Tackling challenges, learning from failure
Many people often think of intelligence and talent as “gifts” that we inherit and which can’t be improved upon. Therefore, when these people fail in doing something, they feel helpless and give up easily. In contrast, those who believe that efforts can shape intelligence and talent, are more resilient in nature. Life coaches would confirm that such people, in general, are more likely to face challenges and learn from their mistakes.
We, too, can help kids develop this kind of resilience and determination by being careful about the feedback we give them. Several experiments show that praising a kid for their general traits (“You’re so sharp!”) makes them adopt a wrong mindset as does general criticism (“I’m unhappy with you”). Instead, what works far better is praise for effort and feedback, which encourages kids to try out different strategies (“Can you think of some other way of doing it?”).

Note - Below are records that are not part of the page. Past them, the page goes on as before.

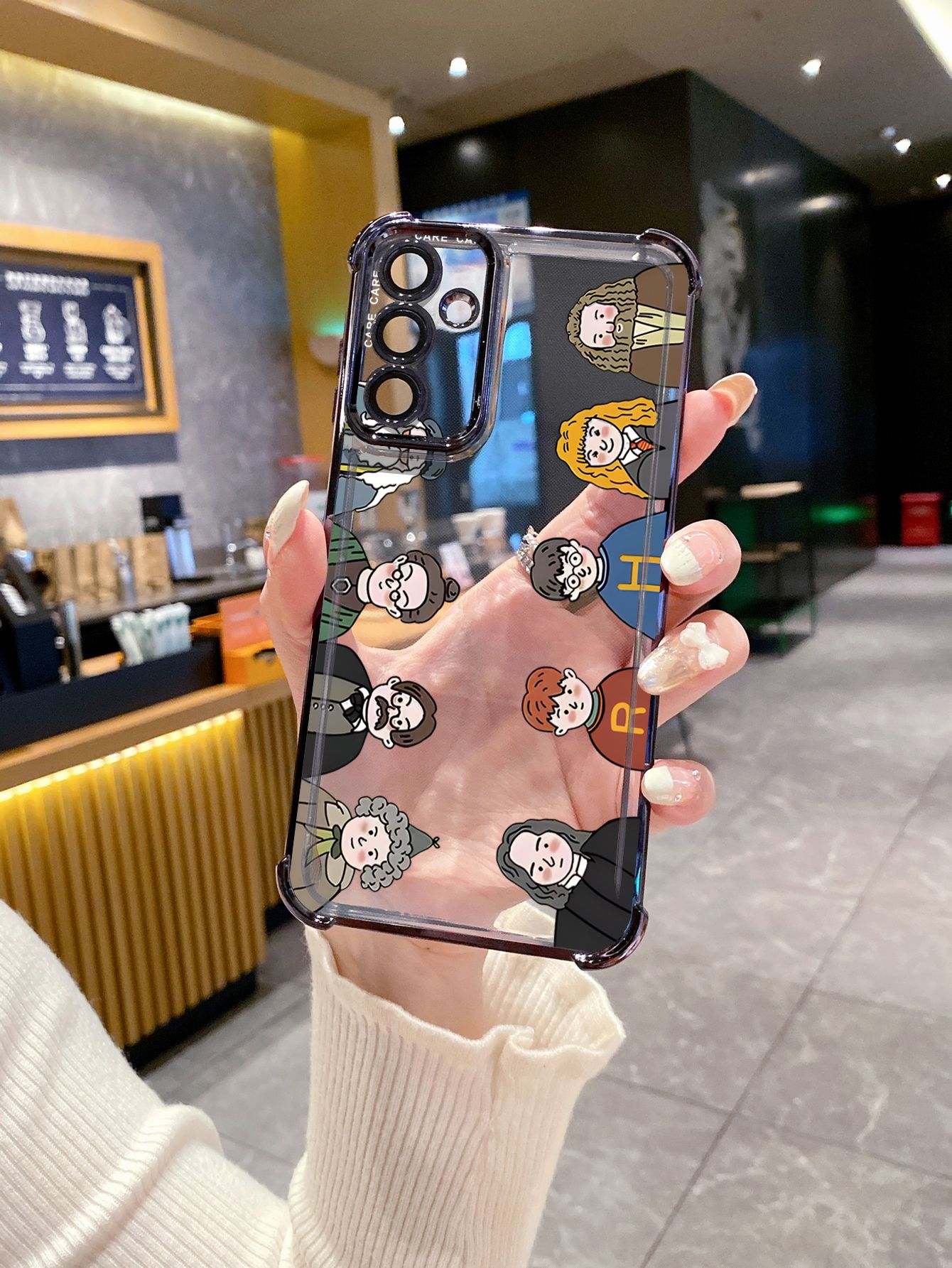 For iPhone 16 15 Pro Max 14 Plus 13 12 11 XR 8 7 SE 2022 XS Harry Potter Plating Frame Clear Phone Case Anti-shock Cover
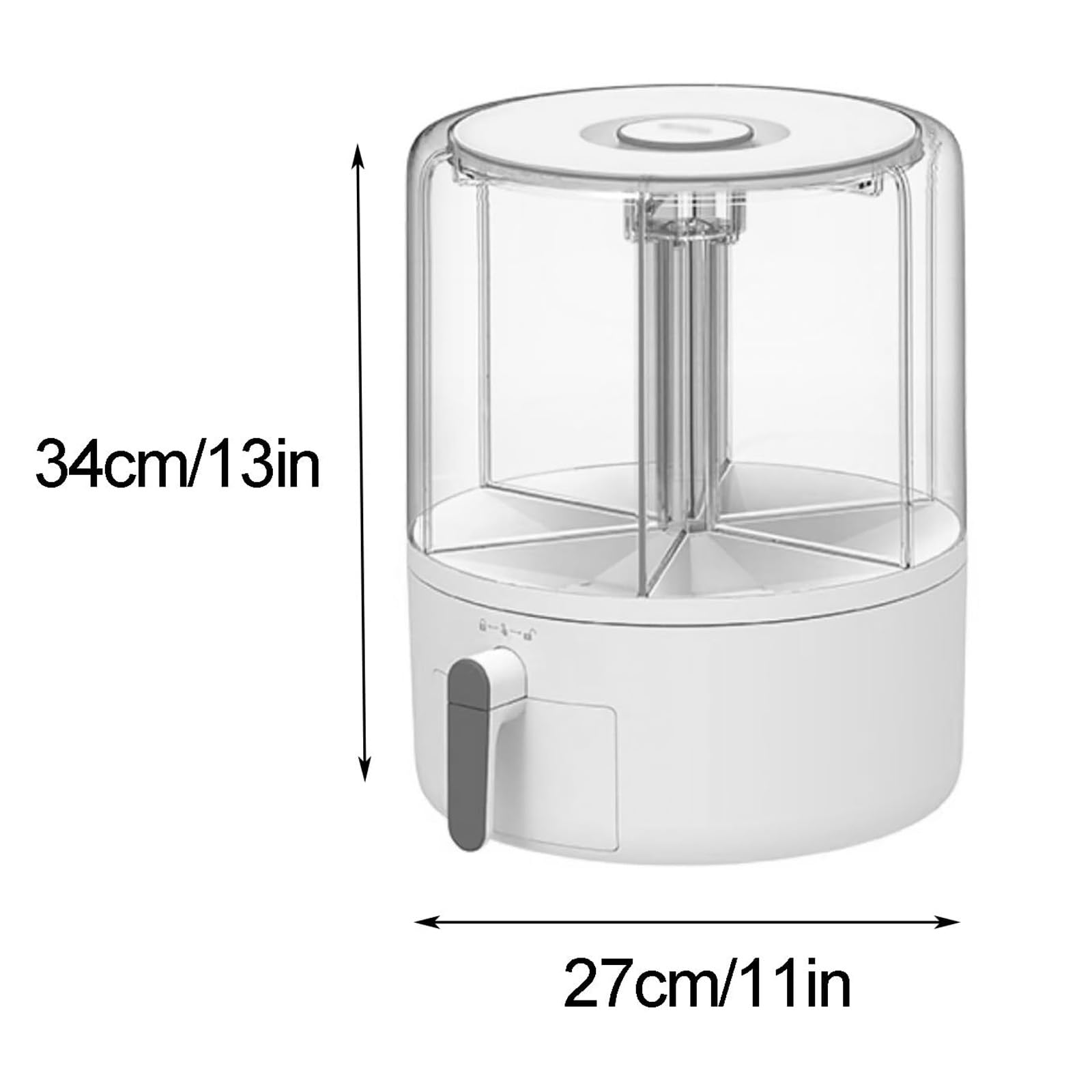 Dispensador de cereales de 6 rejillas, recipiente giratorio hermético para almacenamiento de alimentos para granos pequeños, frijoles, arroz, almacenamiento de alimentos secos de 7.2 L con tapas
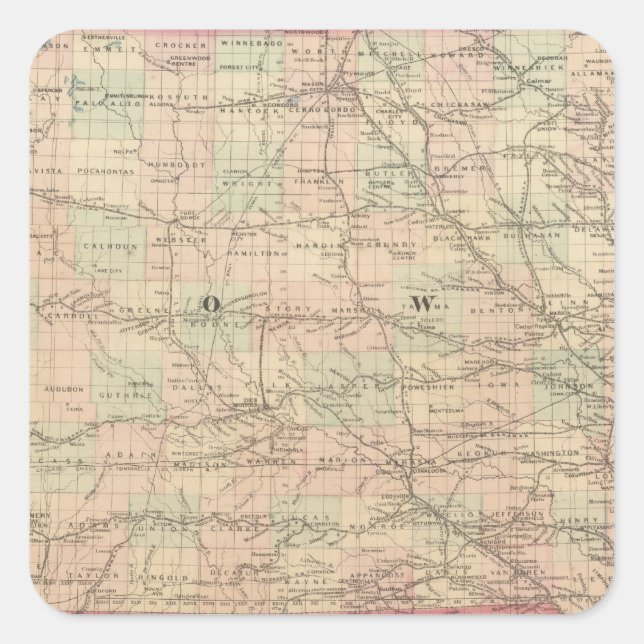 Iowa 6 quadratischer aufkleber (Vorderseite)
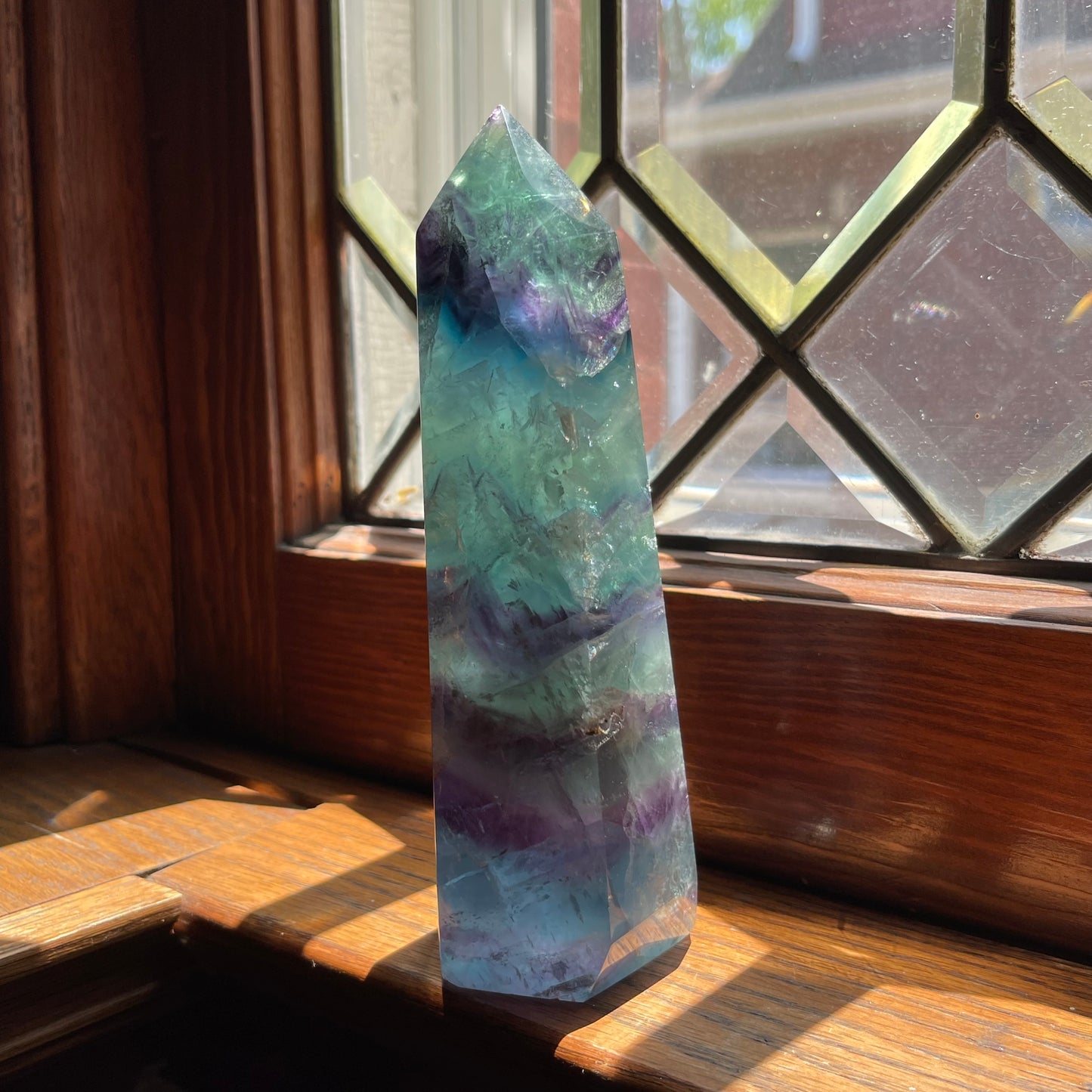 Purple, Aqua + Blue Fluorite Tower w/ Bits of Snowflake // Amazing Clarity, Polish + Rainbows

Remember, pinpointed, consistent and proportionate praise and criticism always deliver the desired outcomes with most kids.
Develop their attention and working memory
Many distracted, impulsive kids have low working memory. Our working memory is the “mental notepad” which we use to keep information “in mind.” While solving a maths problem or trying to remember those directions to a bank, we use our working memory.
Young children don’t perform as well as adults on working memory tasks, which is perfectly okay. But some kids face more difficulty than others, and while there is no cure-all for working memory problems, seeking professional help can improve the kid’s working memory capacity.
Adults often react differently to a kid’s negative emotions. Some of these reactions are dismissive in nature (“There isn’t any reason to be so sad.”), while others are disapproving (“Stop that crying!”). Such approaches aren’t exactly helpful as they fail to teach them how to regulate themselves.
In contrast, kids benefit more if parents talk to them about their feelings, exhibit empathy and discuss with them some constructive ways to cope with their feelings i.e. “emotion coaching,” which generates better outcomes. Adolescents “emotion coached” by their mothers show reduced behavior problems over time.
Planning is a very important component of the process of developing self-discipline. People are likelier to succeed if they can think about the obstacles and think of specific steps about when, where, and how they are going to take action. Everyday experience and research indicates that practice in this regard can be helpful.
In an experiment on kids, they didn’t always plan ahead while tackling a problem. But when they were asked to change their approach, they had more success solving the puzzles given to them. There are some games that reward the players for planning ahead, which might teach lessons that kids can apply to other situations.